Under the Statute of Frauds, a contract that is not going to be performed within a year must be in writing. The principle of equity can bar application of the Statute of Frauds where there has been partial performance. However, in order for equity to bar this application, there must be a remedy available. The notion of equity will not enforce contracts for personal services.
Plaintiff agreed to provide services and care for the defendant in exchange for $8 per week and board while the defendant was alive, and a life estate and the defendant's cars at death. Defendant was happy with the services for two years, but changed his mind after talking to family. Defendant tried to kick the plaintiff out, left the home himself, and turned off the utilities. However, plaintiff wouldn't leave.
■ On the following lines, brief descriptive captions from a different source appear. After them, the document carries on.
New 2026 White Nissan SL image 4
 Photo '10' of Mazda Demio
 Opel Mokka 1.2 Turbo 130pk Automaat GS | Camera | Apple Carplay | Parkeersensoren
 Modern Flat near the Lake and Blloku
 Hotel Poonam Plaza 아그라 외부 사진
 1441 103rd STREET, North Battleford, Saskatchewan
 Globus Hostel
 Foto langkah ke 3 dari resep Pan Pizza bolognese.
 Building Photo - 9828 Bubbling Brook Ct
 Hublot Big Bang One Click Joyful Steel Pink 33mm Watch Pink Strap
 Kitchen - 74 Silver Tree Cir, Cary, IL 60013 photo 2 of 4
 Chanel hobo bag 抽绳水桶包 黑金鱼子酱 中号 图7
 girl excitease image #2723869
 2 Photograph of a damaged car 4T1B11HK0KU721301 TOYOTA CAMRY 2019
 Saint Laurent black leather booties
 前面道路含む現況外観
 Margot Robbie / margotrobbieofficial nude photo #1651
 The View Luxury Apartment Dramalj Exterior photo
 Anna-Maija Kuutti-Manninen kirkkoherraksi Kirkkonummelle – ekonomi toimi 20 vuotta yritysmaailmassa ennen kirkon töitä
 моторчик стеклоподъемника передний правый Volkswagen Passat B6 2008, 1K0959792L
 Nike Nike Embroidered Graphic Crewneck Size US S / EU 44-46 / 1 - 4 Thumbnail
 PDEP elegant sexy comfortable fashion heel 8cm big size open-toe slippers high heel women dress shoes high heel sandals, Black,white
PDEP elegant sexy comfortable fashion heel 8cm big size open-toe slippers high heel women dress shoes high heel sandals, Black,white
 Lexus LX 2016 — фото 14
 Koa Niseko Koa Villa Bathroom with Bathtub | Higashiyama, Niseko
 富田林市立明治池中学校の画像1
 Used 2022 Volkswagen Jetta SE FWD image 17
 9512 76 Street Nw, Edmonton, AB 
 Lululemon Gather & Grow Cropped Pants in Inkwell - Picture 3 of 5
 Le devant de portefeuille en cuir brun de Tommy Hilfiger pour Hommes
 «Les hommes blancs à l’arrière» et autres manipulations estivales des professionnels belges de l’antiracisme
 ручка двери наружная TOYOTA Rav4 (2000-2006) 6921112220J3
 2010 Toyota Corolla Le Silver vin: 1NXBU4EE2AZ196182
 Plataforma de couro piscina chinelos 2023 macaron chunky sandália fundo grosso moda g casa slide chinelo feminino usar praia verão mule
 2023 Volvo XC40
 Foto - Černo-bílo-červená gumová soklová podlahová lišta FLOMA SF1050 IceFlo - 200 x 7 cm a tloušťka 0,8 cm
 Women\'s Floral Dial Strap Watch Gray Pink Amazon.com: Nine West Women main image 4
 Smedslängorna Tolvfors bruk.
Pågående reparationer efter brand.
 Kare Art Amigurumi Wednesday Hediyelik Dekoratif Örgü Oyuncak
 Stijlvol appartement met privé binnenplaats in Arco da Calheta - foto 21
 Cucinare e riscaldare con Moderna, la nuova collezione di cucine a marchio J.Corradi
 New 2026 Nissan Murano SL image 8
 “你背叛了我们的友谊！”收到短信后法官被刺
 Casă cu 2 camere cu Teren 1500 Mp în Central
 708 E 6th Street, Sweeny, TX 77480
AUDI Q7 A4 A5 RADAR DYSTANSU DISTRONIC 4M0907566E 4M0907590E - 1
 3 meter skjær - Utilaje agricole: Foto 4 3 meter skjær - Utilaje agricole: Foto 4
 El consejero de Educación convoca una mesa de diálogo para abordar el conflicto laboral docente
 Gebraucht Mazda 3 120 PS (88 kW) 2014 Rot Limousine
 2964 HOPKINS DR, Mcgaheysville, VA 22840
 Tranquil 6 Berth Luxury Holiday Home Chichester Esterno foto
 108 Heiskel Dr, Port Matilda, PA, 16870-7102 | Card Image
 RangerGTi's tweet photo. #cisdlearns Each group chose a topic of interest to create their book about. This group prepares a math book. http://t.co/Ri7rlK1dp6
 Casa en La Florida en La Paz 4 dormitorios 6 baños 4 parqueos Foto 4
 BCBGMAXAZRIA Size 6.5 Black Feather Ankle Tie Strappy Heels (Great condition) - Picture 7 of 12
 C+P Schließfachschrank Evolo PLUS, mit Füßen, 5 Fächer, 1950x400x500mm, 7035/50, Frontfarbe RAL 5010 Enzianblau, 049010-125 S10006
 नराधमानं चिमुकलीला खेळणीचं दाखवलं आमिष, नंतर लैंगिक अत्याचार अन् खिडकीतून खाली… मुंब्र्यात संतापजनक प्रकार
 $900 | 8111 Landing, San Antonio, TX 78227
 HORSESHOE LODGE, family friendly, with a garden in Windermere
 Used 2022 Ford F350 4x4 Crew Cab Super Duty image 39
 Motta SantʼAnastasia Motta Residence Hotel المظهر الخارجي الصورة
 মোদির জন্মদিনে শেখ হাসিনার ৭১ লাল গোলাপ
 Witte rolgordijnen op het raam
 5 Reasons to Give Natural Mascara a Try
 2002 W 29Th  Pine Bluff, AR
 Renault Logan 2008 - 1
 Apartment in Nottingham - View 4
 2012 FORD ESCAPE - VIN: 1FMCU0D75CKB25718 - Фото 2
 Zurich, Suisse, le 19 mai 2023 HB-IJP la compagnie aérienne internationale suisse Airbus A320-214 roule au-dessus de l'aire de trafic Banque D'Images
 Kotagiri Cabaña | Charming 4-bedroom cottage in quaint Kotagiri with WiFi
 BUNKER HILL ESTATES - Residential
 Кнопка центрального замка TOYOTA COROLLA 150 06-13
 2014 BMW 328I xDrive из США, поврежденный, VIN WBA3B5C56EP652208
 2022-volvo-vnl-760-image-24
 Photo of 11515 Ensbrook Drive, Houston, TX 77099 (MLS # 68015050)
Defendant eventually had plaintiff arrested for trespass. Plaintiff sought specific performance under the parties' contract, and the defendant moved to dismiss for lack of equity. Defendant's motion was granted and plaintiff's complaint was dismissed. Plaintiff appeals from this dismissal.
Was plaintiff was entitled to any relief from the defendant?
In affirming the dismissal, the Court found that there was no remedy available to the plaintiff in the matter. The services portion of the contract did not fall within the Statute of Frauds, because it was capable of being performed within one year (if the defendant had died within the year). However, the life estate fell within the Statute of Frauds, and was not enforceable. Though the Court looked to not apply the Statute, it had to do so because there was no other remedy available to the Plaintiff. The personal services performed were services which involved no unusual skills. Enforcing the contract would have meant forcing the defendant to accept personal services against his will, which the Court could not make the defendant to. It affirmed the lower court's ruling because there was no relief available to the plaintiff.